In his work of fiction The Time Keeper, American author Mitch Albom has one of his characters say that “man will count all his days, and then smaller segments of the day, and then smaller still – until the counting consumes him, and the wonder of the world he has been given is lost.” While the last part of the statement is rather too deep, and well beyond the scope of this column, there might be some truth with respect to the counting consuming us.
Comes down to counting
When we started, we looked up at the sun and the moon to get a sense of time. We picked up stones, collected water, and were able to tell time even better. And now, we have come to a stage where the best of our clocks are so precise that it would take around 30 billion years for it to lose even one second.
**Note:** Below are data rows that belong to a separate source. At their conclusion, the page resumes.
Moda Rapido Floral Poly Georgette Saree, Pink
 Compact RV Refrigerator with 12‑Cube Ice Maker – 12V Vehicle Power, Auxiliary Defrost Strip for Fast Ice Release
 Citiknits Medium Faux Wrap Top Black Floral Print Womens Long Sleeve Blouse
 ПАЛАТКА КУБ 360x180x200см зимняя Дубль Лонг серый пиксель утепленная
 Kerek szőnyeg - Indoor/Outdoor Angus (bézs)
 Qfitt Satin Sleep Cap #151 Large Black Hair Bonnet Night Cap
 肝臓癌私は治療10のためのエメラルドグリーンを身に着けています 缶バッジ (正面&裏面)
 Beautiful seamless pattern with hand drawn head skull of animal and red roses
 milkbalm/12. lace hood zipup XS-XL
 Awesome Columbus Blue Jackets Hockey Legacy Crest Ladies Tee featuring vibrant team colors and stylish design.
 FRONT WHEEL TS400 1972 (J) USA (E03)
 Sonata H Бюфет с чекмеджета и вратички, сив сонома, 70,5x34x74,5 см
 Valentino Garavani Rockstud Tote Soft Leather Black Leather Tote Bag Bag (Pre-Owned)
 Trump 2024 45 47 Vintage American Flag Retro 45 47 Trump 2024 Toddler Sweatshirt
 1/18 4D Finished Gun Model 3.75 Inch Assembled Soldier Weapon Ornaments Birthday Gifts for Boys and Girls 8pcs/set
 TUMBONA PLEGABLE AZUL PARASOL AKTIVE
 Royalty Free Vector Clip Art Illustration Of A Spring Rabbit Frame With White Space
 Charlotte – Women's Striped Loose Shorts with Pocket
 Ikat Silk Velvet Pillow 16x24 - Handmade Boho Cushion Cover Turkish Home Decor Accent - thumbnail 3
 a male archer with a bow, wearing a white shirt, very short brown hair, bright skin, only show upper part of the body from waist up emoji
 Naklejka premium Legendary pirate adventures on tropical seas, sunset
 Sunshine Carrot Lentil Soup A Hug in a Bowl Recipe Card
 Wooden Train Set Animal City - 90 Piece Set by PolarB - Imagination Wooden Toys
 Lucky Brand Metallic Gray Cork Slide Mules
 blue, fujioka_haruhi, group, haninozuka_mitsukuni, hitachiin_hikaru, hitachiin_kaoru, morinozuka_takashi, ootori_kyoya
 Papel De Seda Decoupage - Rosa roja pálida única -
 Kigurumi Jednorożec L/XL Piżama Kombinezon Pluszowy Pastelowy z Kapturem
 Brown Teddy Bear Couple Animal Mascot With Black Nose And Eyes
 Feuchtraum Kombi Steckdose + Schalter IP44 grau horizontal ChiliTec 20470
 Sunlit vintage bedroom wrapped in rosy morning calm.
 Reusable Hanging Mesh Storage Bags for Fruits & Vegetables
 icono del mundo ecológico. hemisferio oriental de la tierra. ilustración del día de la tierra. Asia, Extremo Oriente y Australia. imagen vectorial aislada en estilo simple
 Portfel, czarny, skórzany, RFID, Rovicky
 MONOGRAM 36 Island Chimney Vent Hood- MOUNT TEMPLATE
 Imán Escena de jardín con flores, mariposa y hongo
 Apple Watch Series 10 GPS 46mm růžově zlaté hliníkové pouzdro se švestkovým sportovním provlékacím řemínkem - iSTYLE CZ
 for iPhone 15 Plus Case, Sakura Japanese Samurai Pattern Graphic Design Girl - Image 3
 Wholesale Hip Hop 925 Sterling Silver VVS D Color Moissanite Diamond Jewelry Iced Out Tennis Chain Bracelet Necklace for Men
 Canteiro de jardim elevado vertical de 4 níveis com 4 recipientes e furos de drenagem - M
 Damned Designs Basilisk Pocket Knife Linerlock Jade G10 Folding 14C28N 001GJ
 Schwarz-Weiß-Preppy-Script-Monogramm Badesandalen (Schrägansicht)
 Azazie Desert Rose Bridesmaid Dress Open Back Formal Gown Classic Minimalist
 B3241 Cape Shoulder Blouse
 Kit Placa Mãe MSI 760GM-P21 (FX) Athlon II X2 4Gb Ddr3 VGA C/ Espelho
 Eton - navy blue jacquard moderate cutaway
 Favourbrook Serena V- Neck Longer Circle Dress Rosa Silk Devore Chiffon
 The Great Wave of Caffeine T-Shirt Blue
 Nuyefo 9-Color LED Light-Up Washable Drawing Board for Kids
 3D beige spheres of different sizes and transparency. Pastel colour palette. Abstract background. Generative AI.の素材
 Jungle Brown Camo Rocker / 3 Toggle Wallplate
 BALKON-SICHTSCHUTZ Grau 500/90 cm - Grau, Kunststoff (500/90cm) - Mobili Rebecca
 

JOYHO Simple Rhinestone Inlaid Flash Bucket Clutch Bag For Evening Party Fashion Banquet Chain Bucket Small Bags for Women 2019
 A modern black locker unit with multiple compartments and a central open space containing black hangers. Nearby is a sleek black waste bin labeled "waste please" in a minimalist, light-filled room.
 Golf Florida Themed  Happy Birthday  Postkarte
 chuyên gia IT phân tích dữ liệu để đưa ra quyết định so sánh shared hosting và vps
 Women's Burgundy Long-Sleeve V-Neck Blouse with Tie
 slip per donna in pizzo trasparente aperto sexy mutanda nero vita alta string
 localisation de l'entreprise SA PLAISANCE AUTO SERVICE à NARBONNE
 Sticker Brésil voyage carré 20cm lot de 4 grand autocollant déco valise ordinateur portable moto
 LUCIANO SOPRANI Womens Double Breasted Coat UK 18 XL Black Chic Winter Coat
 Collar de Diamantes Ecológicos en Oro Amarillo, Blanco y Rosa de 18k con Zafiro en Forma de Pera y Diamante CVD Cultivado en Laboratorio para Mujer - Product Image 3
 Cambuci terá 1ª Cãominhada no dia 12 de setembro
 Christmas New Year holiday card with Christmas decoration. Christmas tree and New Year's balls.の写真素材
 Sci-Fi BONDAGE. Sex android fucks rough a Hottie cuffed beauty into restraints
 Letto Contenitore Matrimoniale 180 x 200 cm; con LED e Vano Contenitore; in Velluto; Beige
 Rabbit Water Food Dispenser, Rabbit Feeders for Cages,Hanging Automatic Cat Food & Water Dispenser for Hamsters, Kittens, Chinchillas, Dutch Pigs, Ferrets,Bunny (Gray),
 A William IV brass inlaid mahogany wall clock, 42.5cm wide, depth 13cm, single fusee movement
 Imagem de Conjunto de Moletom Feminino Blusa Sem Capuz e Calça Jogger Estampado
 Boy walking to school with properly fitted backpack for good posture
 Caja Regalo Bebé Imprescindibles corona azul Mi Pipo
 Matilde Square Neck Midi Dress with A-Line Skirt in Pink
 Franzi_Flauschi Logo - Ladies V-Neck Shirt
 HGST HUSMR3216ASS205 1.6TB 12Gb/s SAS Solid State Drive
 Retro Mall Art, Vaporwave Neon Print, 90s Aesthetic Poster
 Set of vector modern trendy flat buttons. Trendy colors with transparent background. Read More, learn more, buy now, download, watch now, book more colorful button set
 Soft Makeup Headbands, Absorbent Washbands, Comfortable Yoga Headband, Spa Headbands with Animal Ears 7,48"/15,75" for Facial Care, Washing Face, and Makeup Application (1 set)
And yet, at the heart of it, the fundamental process remains the same as we count a periodic phenomenon. In a grandfather clock, the pendulum swings back and forth. In a wristwatch, an electric current ensures that a tuning-fork-shaped piece of quartz oscillates. And when it comes to atomic clocks, we use certain resonance frequencies of atoms and count the periodic swings of electrons as they jump between energy levels.
What are atomic clocks?
The best of our clocks, by the way, are atomic clocks. As we learned more of the atom’s secrets, we were able to build practical applications, including these clocks.
We now know that an atom is made up of a nucleus – consisting of protons and neutrons – that is surrounded by electrons. While the number of electrons in an element can vary, they occupy discrete energy levels, or orbits.
Electrons can jump to higher orbits around the nucleus on receiving a jolt of energy. As an individual element responds only to a very specific frequency to make this jump, this frequency can be measured by scientists to measure time very accurately.
Been around since 1950s
By the mid 1950s, atomic clocks with caesium atoms that were accurate enough to be used as time standards had been built. The Massachusetts Institute of Technology Research Laboratory of Electronics developed the first commercial atomic clocks around the same time, and these were manufactured by the National Company, Inc. (NATCO) of Malden, Massachusetts.
Initially, the atomic beam clocks that NATCO were building were called just that: ABC. By 1955, the prototypes bore the working name National Atomic Frequency Standard (NAFS). As this acronym was clearly not pleasing to the ear, there was a need for a better name to market the first practical commercial atomic clock.
Quantum electronics equipment
They came up with the name Atomichron, which NATCO then made its generic trademark for all their atomic clocks. In a well publicised event at the Overseas Press Club in New York, the Atomichron was unveiled to the world on October 3, 1956.
The first commercial atomic clock was indeed the first piece of quantum electronics equipment made available to the public. In the years that followed, 50 Atomichrons were made and sold to military agencies, government agencies, and universities.
Defining a second
By 1967, the official definition of a second by the International System of Units (SI) was based on caesium. This meant that the internationally accepted unit of time was now defined in terms of movements inside atoms of caesium.
Atomic clocks, however, aren’t going to come home soon. At about the size of a wardrobe, it consists of interwoven cables, wires, and steel structures that are connected to a vacuum chamber that holds the atoms.
These clocks, however, are already in use everywhere around us. Be it satellite navigation, online communication, or even timed races in the Olympics, atomic clocks are in action. The best of our atomic clocks, as you might have guessed, are employed in research and experiments to further our understanding of the universe around us.